Start of Block

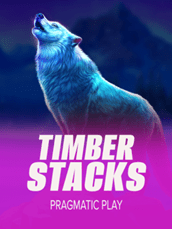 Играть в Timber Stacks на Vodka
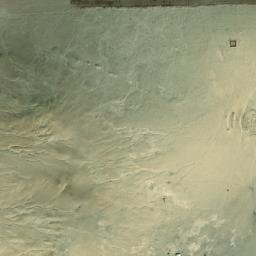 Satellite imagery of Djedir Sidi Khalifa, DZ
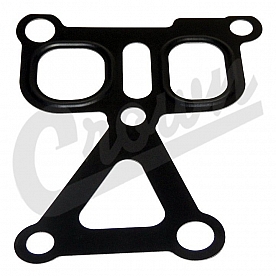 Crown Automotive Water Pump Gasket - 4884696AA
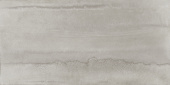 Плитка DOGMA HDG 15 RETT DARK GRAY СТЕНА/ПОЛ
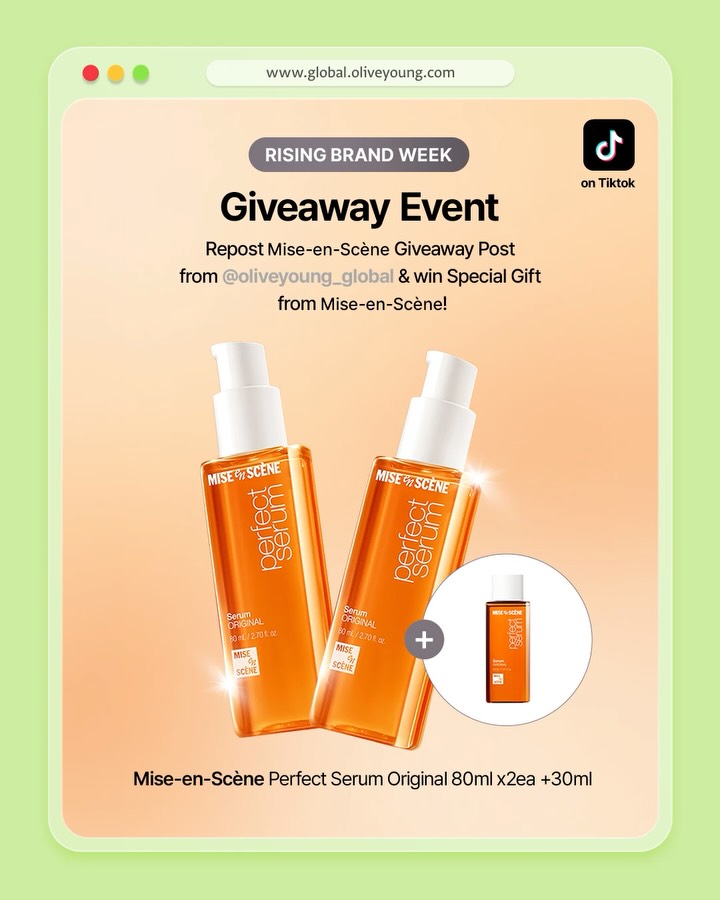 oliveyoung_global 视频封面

End of Block

PROBLEM STATEMENT = Leaving out the pictures, transcribe the material above exactly.

TASK RESULT =
 Играть в Timber Stacks на Vodka
 Satellite imagery of Djedir Sidi Khalifa, DZ
 Crown Automotive Water Pump Gasket - 4884696AA
 Плитка DOGMA HDG 15 RETT DARK GRAY СТЕНА/ПОЛ
 oliveyoung_global 视频封面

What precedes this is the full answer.